In February 2018, Lennon Betancourt, a student at Grace King High School in Metairie, Louisiana, was pictured next to a cartoon caricature of himself labeled “Future School Shooter.” Though there was perhaps cause for alarm at first glance, the benign circumstances behind the photo became clear shortly thereafter: Betancourt’s health teacher, Guy Farber, had been teaching a lesson about school shootings and said that the “typical” culprit was a “white male.” Betancourt was the only one in class who fit that bill, culminating in a crass but harmless exchange where students jested that he should spare them from any violent spree. A peer drew the picture, and Betancourt posed with it, while Farber played along with the joke.
When it came to the attention of Sergeant Billy Matranga, a school resource officer, he handcuffed Betancourt, brought him to the police station, and put him in a holding cell before questioning him about the picture. Matranga learned about the less-than-seedy details—including, for instance, that Betancourt also hadn’t been the one to post the photo on social media—which were corroborated by another student. Yet he still moved forward with formally arresting Betancourt under Louisiana’s “terrorizing” statute, a charge that carries up to 15 years in prison.
Betancourt was transferred to a juvenile detention center where he spent the night and was fitted with an electronic monitoring device. Though the charges were dropped a month later, he was expelled from school.
Despite the strange turn of events leading to Betancourt’s arrest, the U.S. Court of Appeals for the 5th Circuit awarded Matranga qualified immunity, a legal doctrine that protects local and state government employees from facing civil suits for rights-violations if a plaintiff cannot pinpoint a closely-aligned court precedent that says the misbehavior in question is unconstitutional.
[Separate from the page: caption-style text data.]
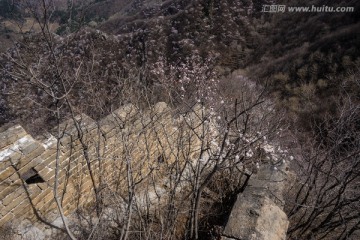 箭扣长城花季 城墙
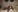 TaliaSunshine's photo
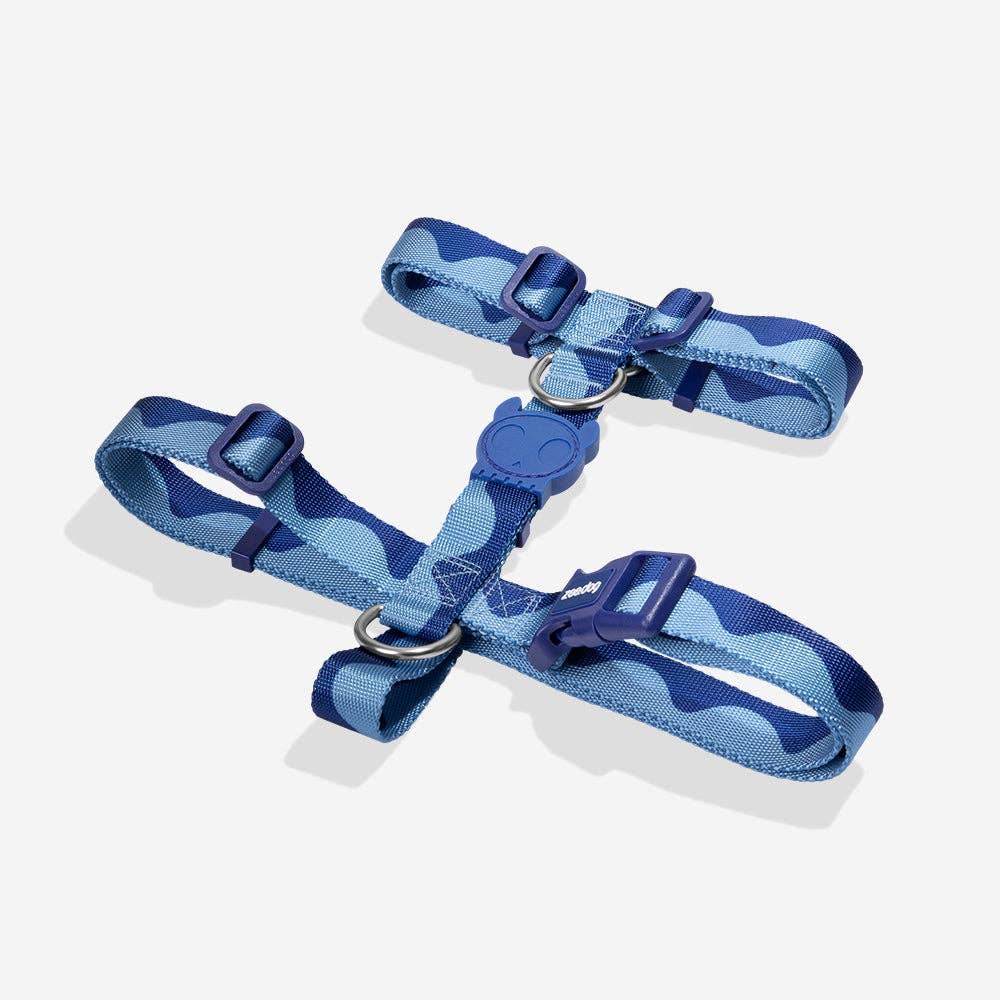 Swell | H Harness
It’s the same reason why two police officers in Fresno, California, could not be sued after they allegedly stole $225,000 during the execution of a search warrant. Without a ruling explicitly explaining that theft under those circumstances is wrong, the plaintiffs were out of luck.
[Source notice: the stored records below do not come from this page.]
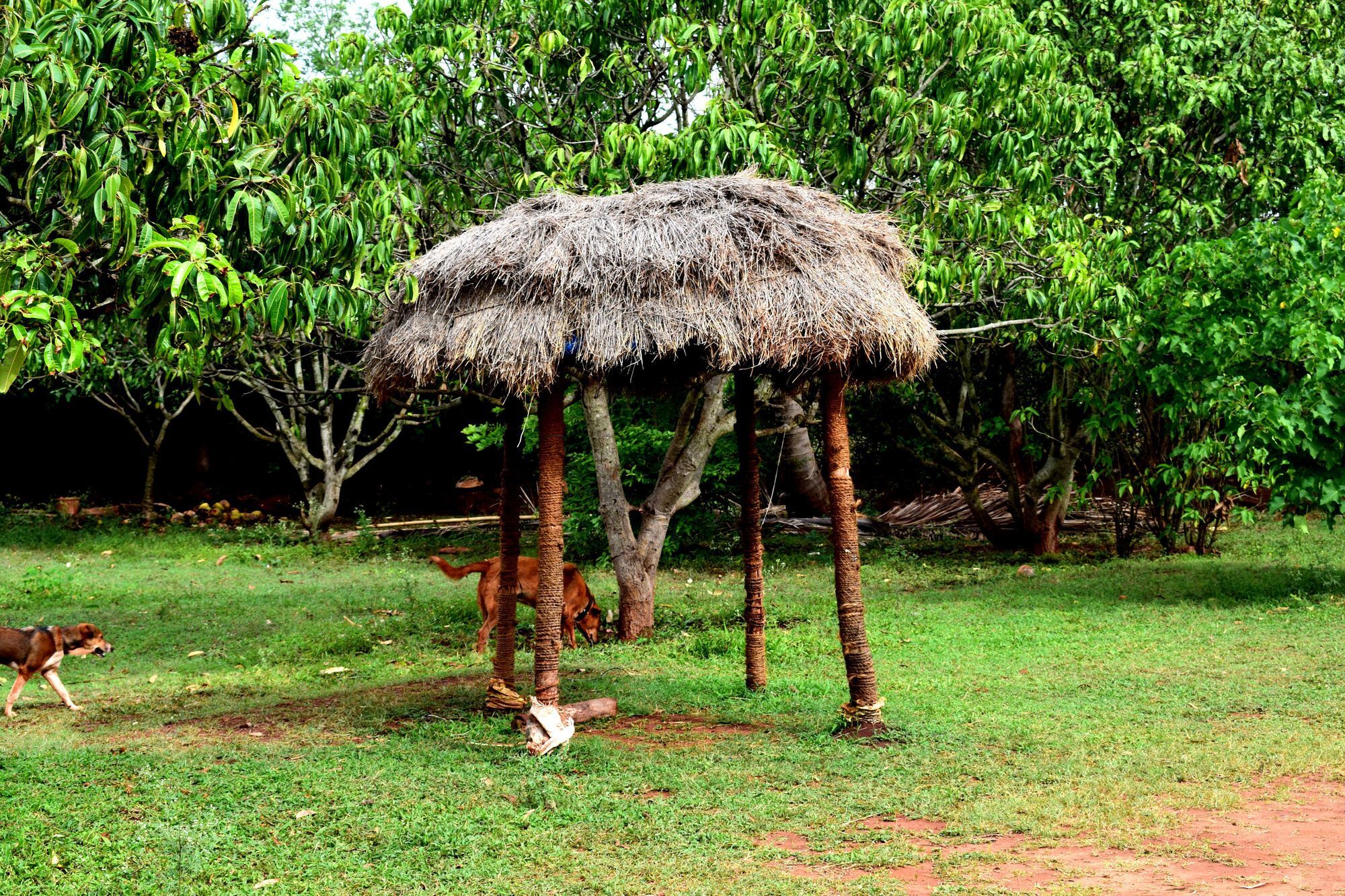 Our Native Village Gādigarpālya Kültér fotó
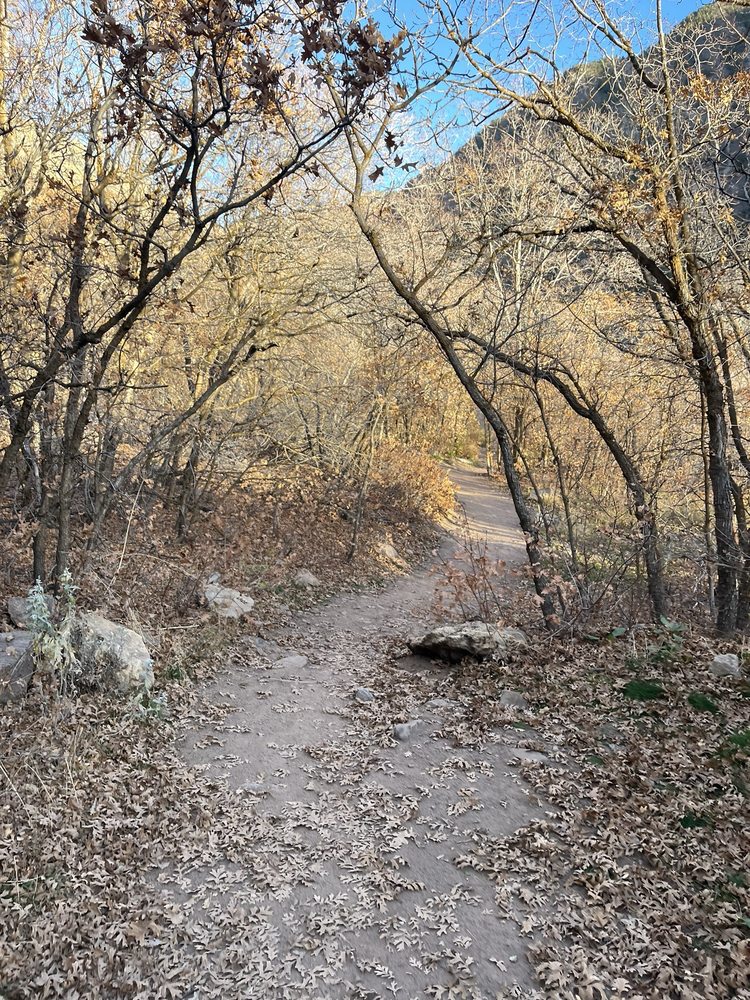 Rattlesnake Gulch Trail Logo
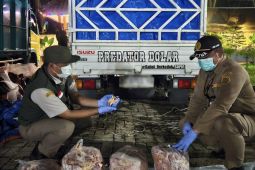 Karantina Lampung gagalkan penyelundupan produk hewan sebanyak 10,8 ton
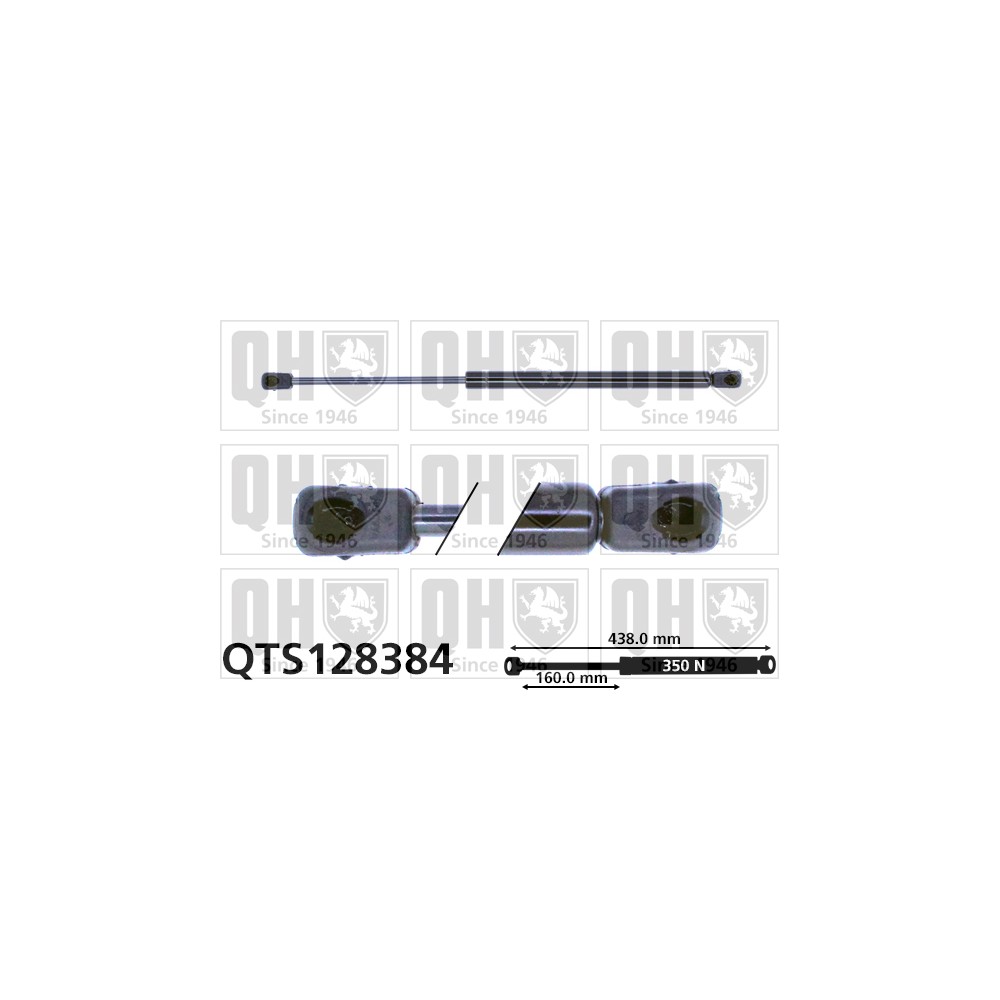 Image for QH QTS128384 Gas Spring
Here we see a similar level of granularity from the majority at the 5th Circuit—along with a blistering dissent from a judge who is most known for his ultra-conservativism.
“Here, we conclude that Sergeant Matranga is entitled to qualified immunity because his actions did not violate ‘clearly established’ law,” wrote the majority. “Betancourt argues that Sergeant Matranga had no evidence of criminal intent and therefore lacked probable cause. But even so, the court cannot conclude that every reasonable officer with that information would so conclude.”
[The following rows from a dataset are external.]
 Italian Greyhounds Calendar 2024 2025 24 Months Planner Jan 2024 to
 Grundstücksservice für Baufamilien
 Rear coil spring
Not everyone agrees. That includes Judge Stuart Kyle Duncan, who was appointed to the bench by former President Donald Trump and grabbed headlines with his hardline stance against rulings in favor of LGBT people. Debates in the criminal justice sphere are often polarized along partisan lines, and mind-numbingly so. Duncan’s response to the majority—composed of a Ronald Reagan appointee and a Barack Obama appointee—reminds us that it need not be that way.
“Lennon’s arrest was based on an obviously satiric photo (1) that Lennon didn’t take, (2) that Lennon didn’t post online, and (3) that grew out of a classroom prank Lennon’s own teacher was in on,” wrote Duncan. “Matranga knew all that—and yet he arrested Lennon, clapped him in jail, and misled the district attorney….Qualified immunity does not protect the officer who orchestrated this outrageous clown show.”
At the heart of Duncan’s dissent is Louisiana’s “terrorizing” statute, which requires the defendant intentionally sent out information that spurred on a violent crime that is “imminent or in progress.” But, as Duncan notes, the details of the case should have disabused Matranga of that almost immediately. The “facts dissolved any notion that Lennon had committed terrorizing,” concludes Duncan. “No reasonable officer would have concluded there was probable cause to arrest Lennon for terrorizing or for any other crime.”
Betancourt’s case is likely dead in the water, meaning Matranga will evade civil court. But if Duncan’s response is good for something, it’s the reminder that giving victims recourse when agents of the state violate their rights is not an issue reserved for any particular party.